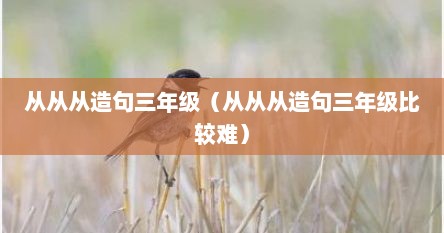 从从从造句三年级（从从从造句三年级比较难）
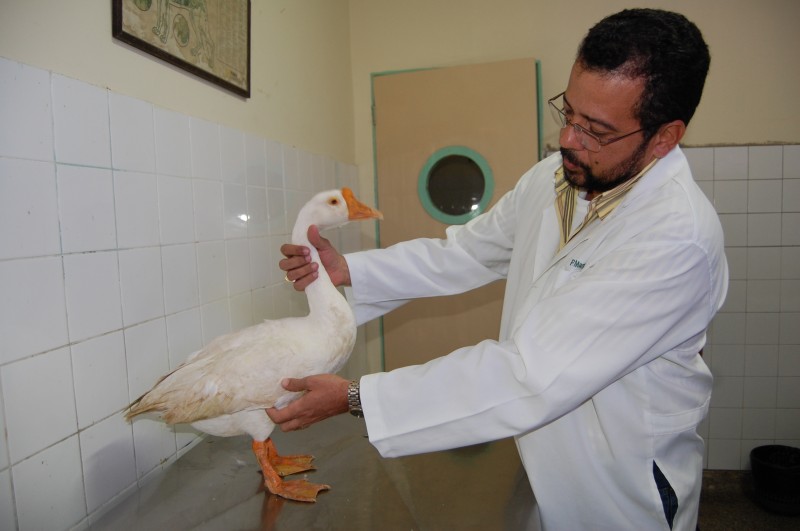 Cuidados Com o Ganso de Estimação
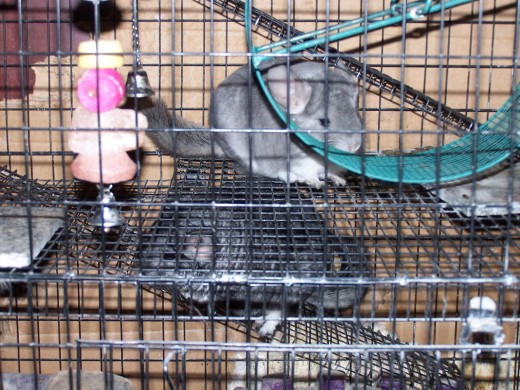 A multi-level cage works very well for chinchillas who love to run up and down the levels. They will run so fast that they will actually defy gravity and run on the sides of the cage! Wire cages work best .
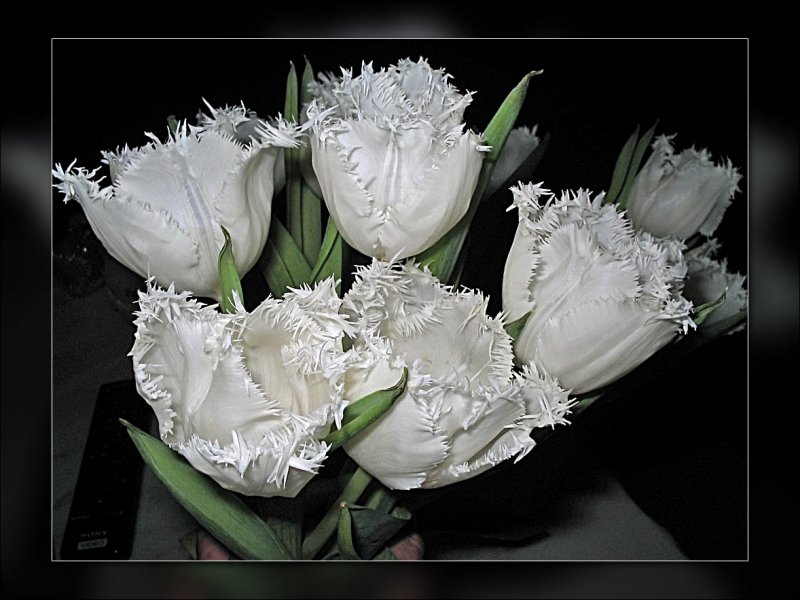 tulips frilly white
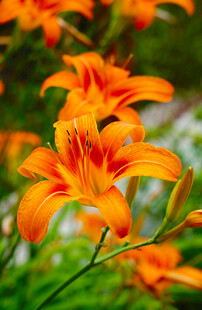 花萱草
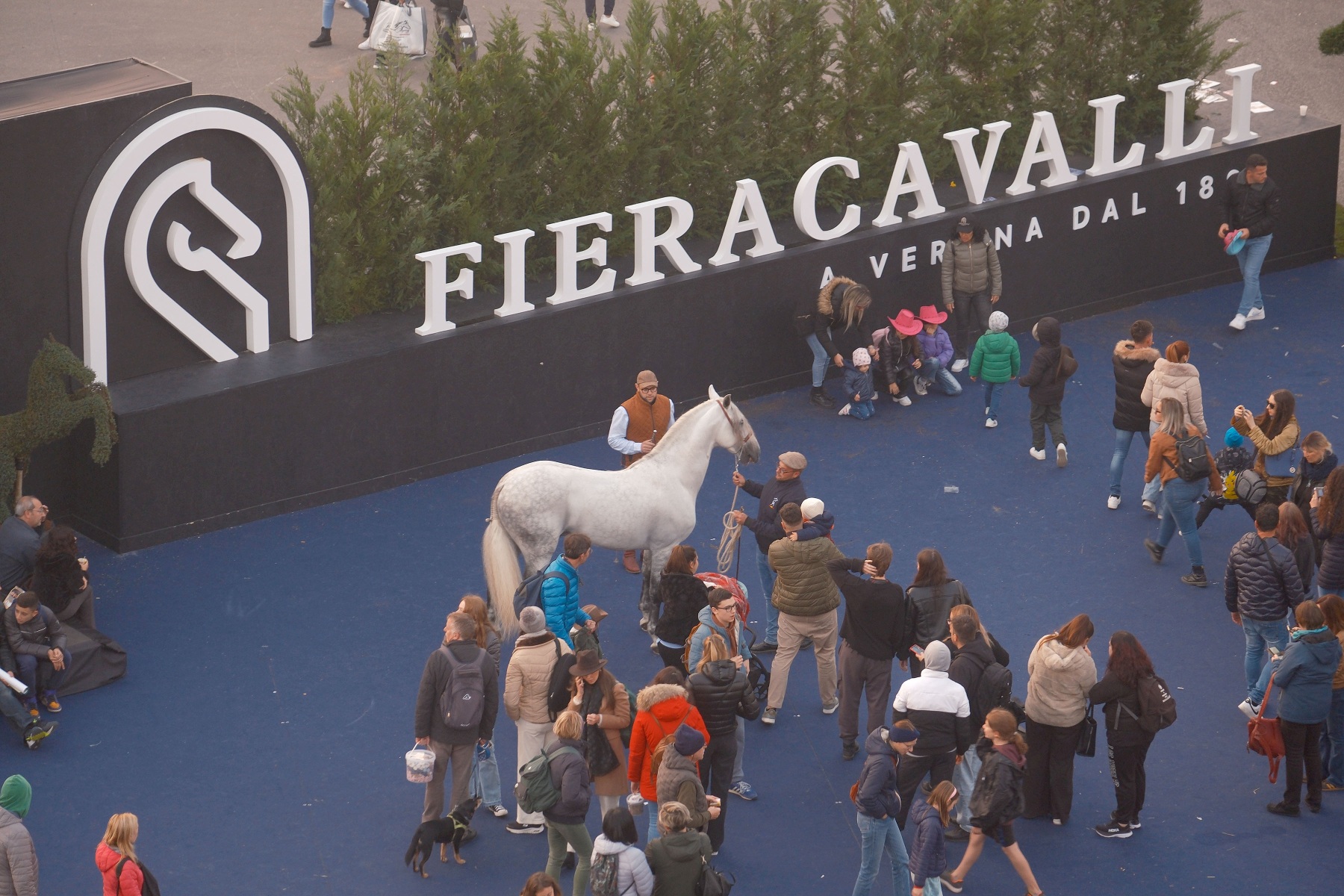 fiera cavalli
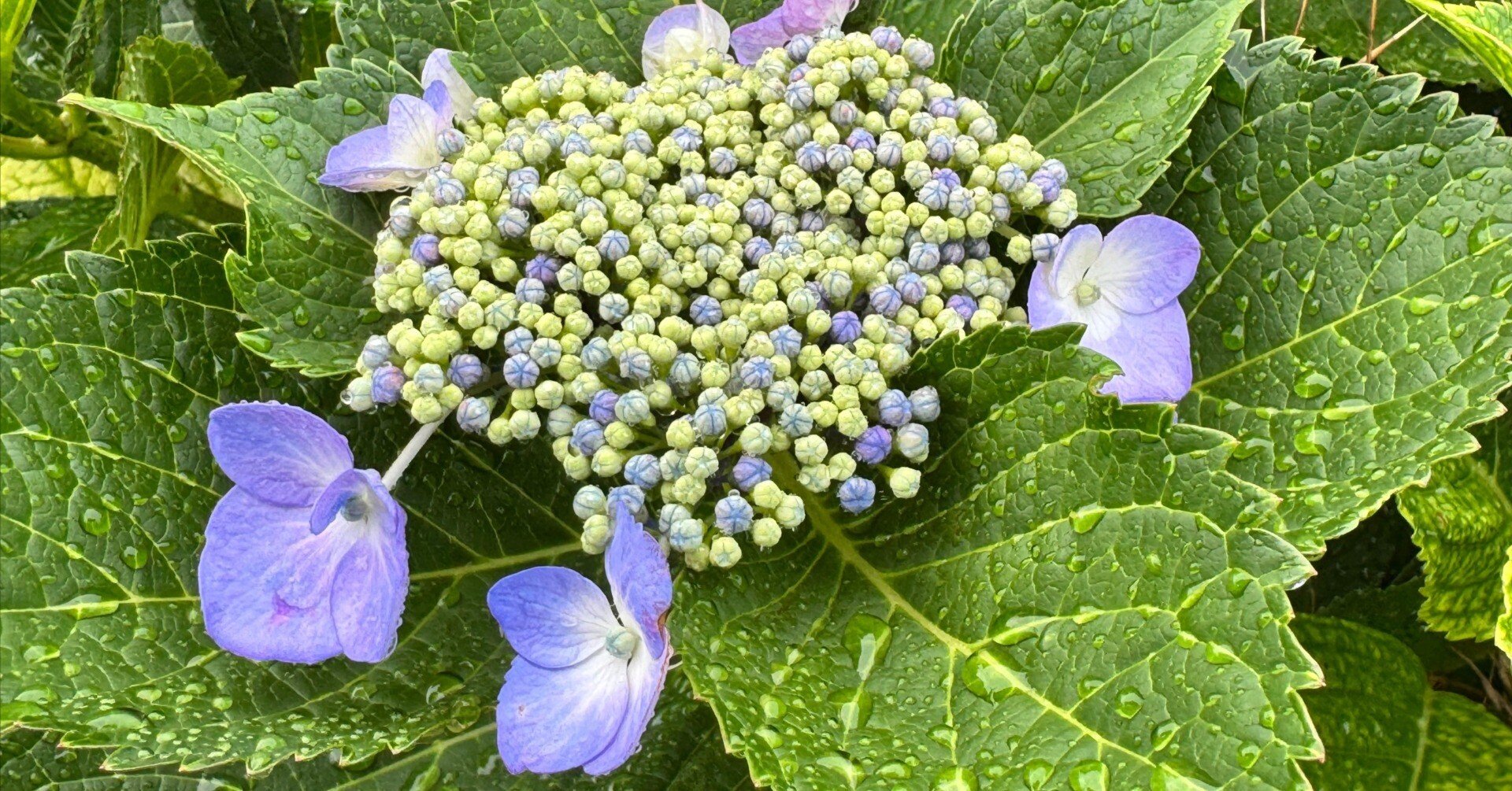 梅雨の頃咲く花は雨に濡れてこそ美しい｜Cressonboy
..............................
The task: Copy the final stretch of lines, starting at the one that holds "fiera cavalli" and ending at the last line of the data, exactly; omit pictures.

Result for this task:
 fiera cavalli
 梅雨の頃咲く花は雨に濡れてこそ美しい｜Cressonboy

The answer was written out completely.